With the rapid development of technologies, the targeted delivery represents a promising approach for the development of safer and more effective therapeutics for oncology applications. This article is written by a research team from the California Institute of Technology, the University of California, and the University of Freiburg, who uses positron emission tomography (PET) and bioluminescent imaging to quantify the in vivo biodistribution and function of nanoparticles formed with cyclodextrin-containing polycations and siRNA.
Targeted drug delivery is a method of delivering medication to a patient in a manner that increases the concentration of the medication in some parts of the body relative to others. There are different types of delivery vehicles, such as polymeric micelles, liposomes, lipoprotein-based drug carriers, dendrimers, etc.
Targeted nanoparticles are a promising class of new experimental medicines that have the potential to provide increased efficacy and lower toxicity relative to conventional therapeutics. Through the enhanced permeability and retention (EPR) effect, macromolecular therapeutics tend to accumulate within tumors after systemic delivery. As such, nanoparticles represent an approach for the delivery of large drug payloads to tumors.
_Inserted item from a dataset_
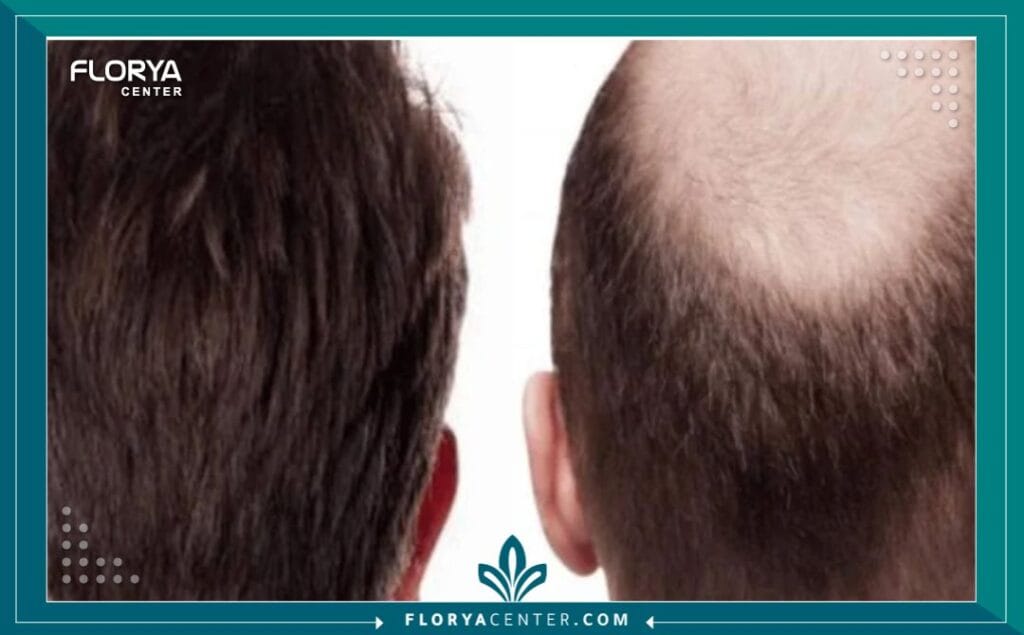 b3 - أسعار عمليات زراعة الشعر في اسطنبول البحث عن حل لمشكلة تساقط الشعر هو رحلة شخصية محفوفة بالأمل والتساؤلات، وفي طليعتها يأتي السؤال عن أسعار عمليات زراعة الشعر في اسطنبول (Hair Transplant Costs in Istanbul). لا تقتصر زراعة الشعر على كونها إجراءً تجميلياً فحسب، بل هي استثمار في الثقة بالنفس واستعادة المظهر الشبابي. لقد أصبحت إسطنبول، بفضل خبرتها الطبية الهائلة وتكاليفها التنافسية، العاصمة العالمية لهذا الإجراء. هذا الدليل الشامل والمفصّل، المُعد بالامتثال الكامل لأعلى معايير الخبرة والموثوقية (E-E-A-T)، سيأخذك خطوة بخطوة لفهم كل ما يتعلق بـ أسعار عمليات زراعة الشعر في اسطنبول وما يجب أن تتوقعه من رحلتك العلاجية. نحن هنا في مركز فلوريا لنضمن لك الشفافية الكاملة والنتائج الأفضل.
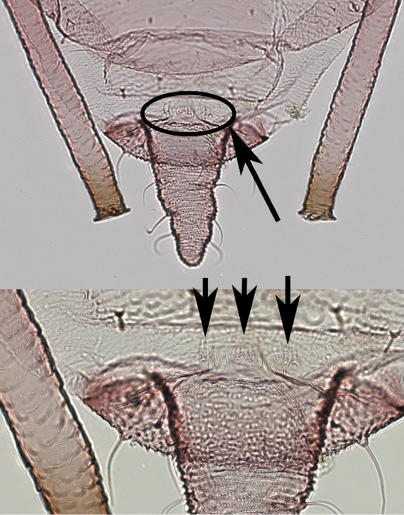 Rudimentary gonophyses details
This research designed a mathematical model of targeted nanoparticle behavior, which can describe some results and illustrate concepts that can be applied generally to the design of targeted therapeutics for oncology applications.
1. Formation of 64Cu-Labeled Nanoparticles Using 1,4,7,10-Tetraazacyclododecane-1,4,7,10-Tetraacetic Acid (DOTA)-siRNA
DOTA was conjugated to the 5 end of an siRNA sequence targeting luciferase mRNA, and nanoparticles were successfully formed with DOTA-siRNA.
2. Biodistribution of Naked siRNA and siRNA Nanoparticles After i.v. Administration
Micro-PET (positron emission tomography)/CT (computer tomography) was used to examine the kinetics of the biodistribution and tumor localization of 64Cu-labeled molecules after i.v. injection in mice. The total dose of siRNA within the nanoparticles was the same as that used for naked siRNA, and 50% of the total siRNA was DOTA-siRNA. The biodistribution of the 64Cu-DOTA-siRNA packaged into Tf (transferrin)-targeted nanoparticles appeared similar to that observed for naked 64CuDOTA-siRNA, except that there was slightly higher liver accumulation and a delayed peak in kidney accumulation.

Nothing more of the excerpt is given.